ACTIVITY:
In the listing below, locate the line containing "Cardi Be Cleaning!" and the line containing "2015 Ford Fusion Titanium - Фото 3". Output both of them and every line between, exactly as written, and nothing more.

RECORDS PROVIDED:

────

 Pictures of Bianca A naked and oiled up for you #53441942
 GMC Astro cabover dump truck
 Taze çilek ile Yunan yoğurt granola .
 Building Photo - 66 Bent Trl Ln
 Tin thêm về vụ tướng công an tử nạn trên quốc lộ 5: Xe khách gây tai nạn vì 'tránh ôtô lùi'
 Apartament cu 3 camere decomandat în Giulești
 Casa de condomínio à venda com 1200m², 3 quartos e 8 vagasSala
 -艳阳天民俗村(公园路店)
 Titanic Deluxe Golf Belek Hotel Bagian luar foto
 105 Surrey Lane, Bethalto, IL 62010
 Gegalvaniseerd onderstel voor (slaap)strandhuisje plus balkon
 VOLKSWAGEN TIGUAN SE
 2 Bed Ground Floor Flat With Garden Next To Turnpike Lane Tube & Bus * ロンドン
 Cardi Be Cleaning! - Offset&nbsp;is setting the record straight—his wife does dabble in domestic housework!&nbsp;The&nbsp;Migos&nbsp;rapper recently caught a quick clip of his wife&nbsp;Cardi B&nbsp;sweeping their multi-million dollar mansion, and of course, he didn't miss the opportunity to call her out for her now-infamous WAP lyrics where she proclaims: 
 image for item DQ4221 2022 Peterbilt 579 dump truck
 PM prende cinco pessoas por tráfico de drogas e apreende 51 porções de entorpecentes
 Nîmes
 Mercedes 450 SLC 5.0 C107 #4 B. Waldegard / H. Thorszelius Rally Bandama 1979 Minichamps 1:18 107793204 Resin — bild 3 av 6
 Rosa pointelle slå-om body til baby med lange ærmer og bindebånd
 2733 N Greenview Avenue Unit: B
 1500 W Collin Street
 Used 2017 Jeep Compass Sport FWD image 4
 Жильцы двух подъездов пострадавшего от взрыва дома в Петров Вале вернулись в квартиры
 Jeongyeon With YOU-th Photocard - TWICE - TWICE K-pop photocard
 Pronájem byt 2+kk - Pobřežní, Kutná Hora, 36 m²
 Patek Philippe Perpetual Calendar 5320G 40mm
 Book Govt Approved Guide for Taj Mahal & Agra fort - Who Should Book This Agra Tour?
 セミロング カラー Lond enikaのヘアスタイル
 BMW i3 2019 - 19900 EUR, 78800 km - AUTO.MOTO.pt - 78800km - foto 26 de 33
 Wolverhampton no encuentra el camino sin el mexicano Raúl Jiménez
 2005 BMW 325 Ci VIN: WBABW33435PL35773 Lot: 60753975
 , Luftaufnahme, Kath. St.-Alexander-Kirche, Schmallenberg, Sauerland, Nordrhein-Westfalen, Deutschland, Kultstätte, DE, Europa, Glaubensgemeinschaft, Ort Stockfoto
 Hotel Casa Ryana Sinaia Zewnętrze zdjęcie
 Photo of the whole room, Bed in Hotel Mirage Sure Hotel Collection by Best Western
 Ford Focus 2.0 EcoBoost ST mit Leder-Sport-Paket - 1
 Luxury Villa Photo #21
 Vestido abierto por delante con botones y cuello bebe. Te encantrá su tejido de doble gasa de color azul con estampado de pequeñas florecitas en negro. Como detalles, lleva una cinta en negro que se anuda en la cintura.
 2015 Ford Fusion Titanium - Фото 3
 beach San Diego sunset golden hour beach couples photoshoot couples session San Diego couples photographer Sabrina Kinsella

────

SOLVED EXERCISE:
 Cardi Be Cleaning! - Offset&nbsp;is setting the record straight—his wife does dabble in domestic housework!&nbsp;The&nbsp;Migos&nbsp;rapper recently caught a quick clip of his wife&nbsp;Cardi B&nbsp;sweeping their multi-million dollar mansion, and of course, he didn't miss the opportunity to call her out for her now-infamous WAP lyrics where she proclaims: 
 image for item DQ4221 2022 Peterbilt 579 dump truck
 PM prende cinco pessoas por tráfico de drogas e apreende 51 porções de entorpecentes
 Nîmes
 Mercedes 450 SLC 5.0 C107 #4 B. Waldegard / H. Thorszelius Rally Bandama 1979 Minichamps 1:18 107793204 Resin — bild 3 av 6
 Rosa pointelle slå-om body til baby med lange ærmer og bindebånd
 2733 N Greenview Avenue Unit: B
 1500 W Collin Street
 Used 2017 Jeep Compass Sport FWD image 4
 Жильцы двух подъездов пострадавшего от взрыва дома в Петров Вале вернулись в квартиры
 Jeongyeon With YOU-th Photocard - TWICE - TWICE K-pop photocard
 Pronájem byt 2+kk - Pobřežní, Kutná Hora, 36 m²
 Patek Philippe Perpetual Calendar 5320G 40mm
 Book Govt Approved Guide for Taj Mahal & Agra fort - Who Should Book This Agra Tour?
 セミロング カラー Lond enikaのヘアスタイル
 BMW i3 2019 - 19900 EUR, 78800 km - AUTO.MOTO.pt - 78800km - foto 26 de 33
 Wolverhampton no encuentra el camino sin el mexicano Raúl Jiménez
 2005 BMW 325 Ci VIN: WBABW33435PL35773 Lot: 60753975
 , Luftaufnahme, Kath. St.-Alexander-Kirche, Schmallenberg, Sauerland, Nordrhein-Westfalen, Deutschland, Kultstätte, DE, Europa, Glaubensgemeinschaft, Ort Stockfoto
 Hotel Casa Ryana Sinaia Zewnętrze zdjęcie
 Photo of the whole room, Bed in Hotel Mirage Sure Hotel Collection by Best Western
 Ford Focus 2.0 EcoBoost ST mit Leder-Sport-Paket - 1
 Luxury Villa Photo #21
 Vestido abierto por delante con botones y cuello bebe. Te encantrá su tejido de doble gasa de color azul con estampado de pequeñas florecitas en negro. Como detalles, lleva una cinta en negro que se anuda en la cintura.
 2015 Ford Fusion Titanium - Фото 3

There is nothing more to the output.